WHAT THE EXERCISE ASKS: Repeat the data exactly as given below, dropping every picture.

SUPPLIED MATERIAL:
<<<<
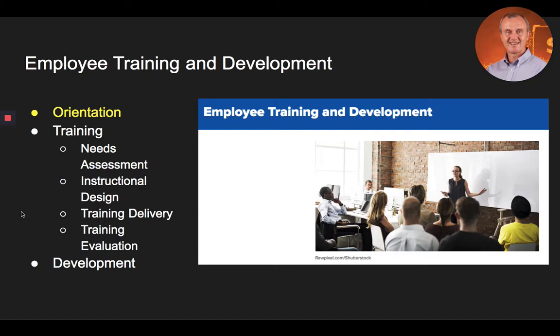An onboarding program should include both company-level information — in other words, information about the culture and perhaps the politics of power and decision-making in the company — and departmental-level information, such as information about the job, the products and services, the customers, and the technologies involved. Onboarding should also foster the building of connections to their team and key stakeholders who are important for talent development and success within the organization.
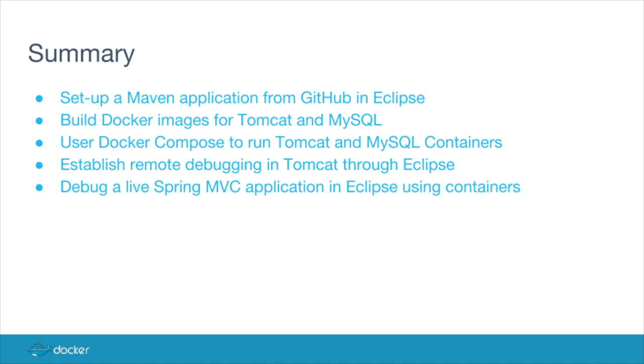So to summarize, what we've done is set up a Maven application from GitHub and Eclipse. We've built Docker images for Tomcat and MySQL, and then used Docker Compose to run Tomcat and MySQL containers. We've established remote debugging in Tomcat through Eclipse, and we've debugged a live Spring MVC application in Eclipse using containers.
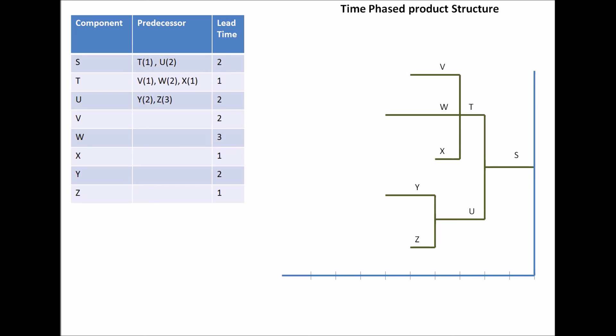Now, once we get that, we just mark the last part of the chart, or the end, or the leftmost part of the chart. And this is what it is right here, in this particular case. And that would be the starting point to mark our axis. So, we start labeling them like that. So, we now know that we should complete our assembly of Product S by the end of week 6.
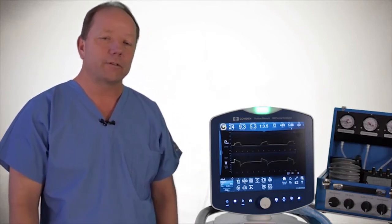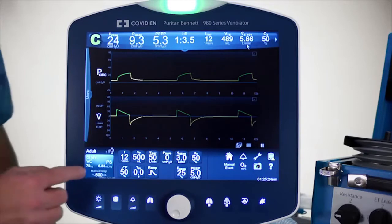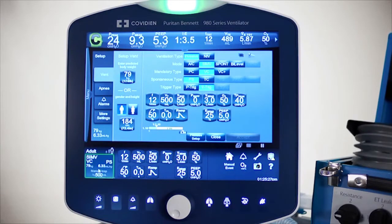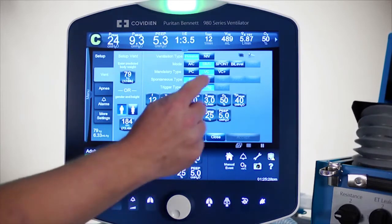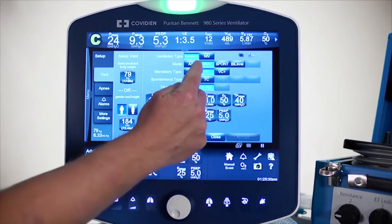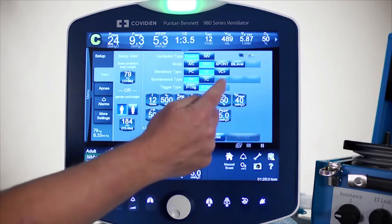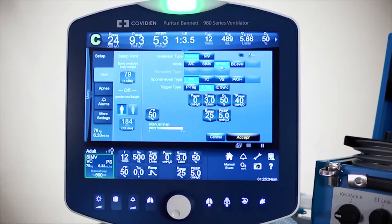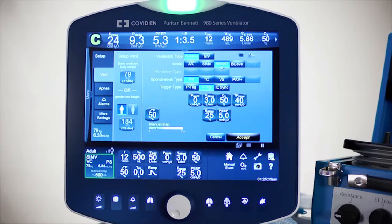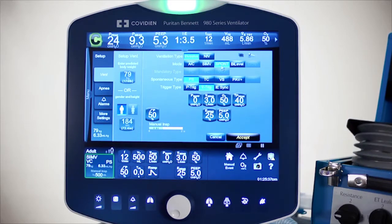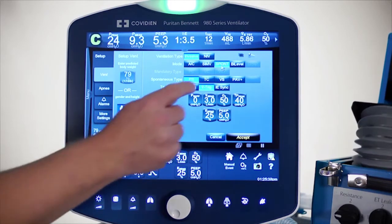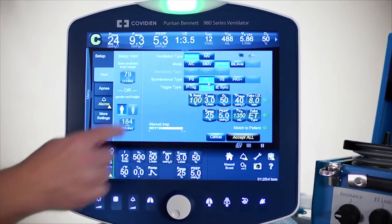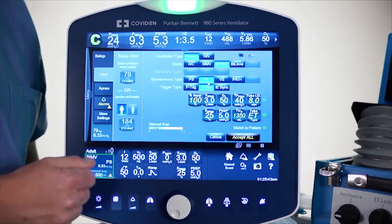So let's look at setting that up. I'll go under the vent setup mode first, then under spontaneous — it does work under SIMV or spontaneous. It is an invasive spontaneous breath type as well. And then I'm going to touch right there on TC, and you'll see the primary variables that it pulls up.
>>>>
RESPONSE TO THIS EXERCISE:
An onboarding program should include both company-level information — in other words, information about the culture and perhaps the politics of power and decision-making in the company — and departmental-level information, such as information about the job, the products and services, the customers, and the technologies involved. Onboarding should also foster the building of connections to their team and key stakeholders who are important for talent development and success within the organization.
So to summarize, what we've done is set up a Maven application from GitHub and Eclipse. We've built Docker images for Tomcat and MySQL, and then used Docker Compose to run Tomcat and MySQL containers. We've established remote debugging in Tomcat through Eclipse, and we've debugged a live Spring MVC application in Eclipse using containers.
Now, once we get that, we just mark the last part of the chart, or the end, or the leftmost part of the chart. And this is what it is right here, in this particular case. And that would be the starting point to mark our axis. So, we start labeling them like that. So, we now know that we should complete our assembly of Product S by the end of week 6.
So let's look at setting that up. I'll go under the vent setup mode first, then under spontaneous — it does work under SIMV or spontaneous. It is an invasive spontaneous breath type as well. And then I'm going to touch right there on TC, and you'll see the primary variables that it pulls up.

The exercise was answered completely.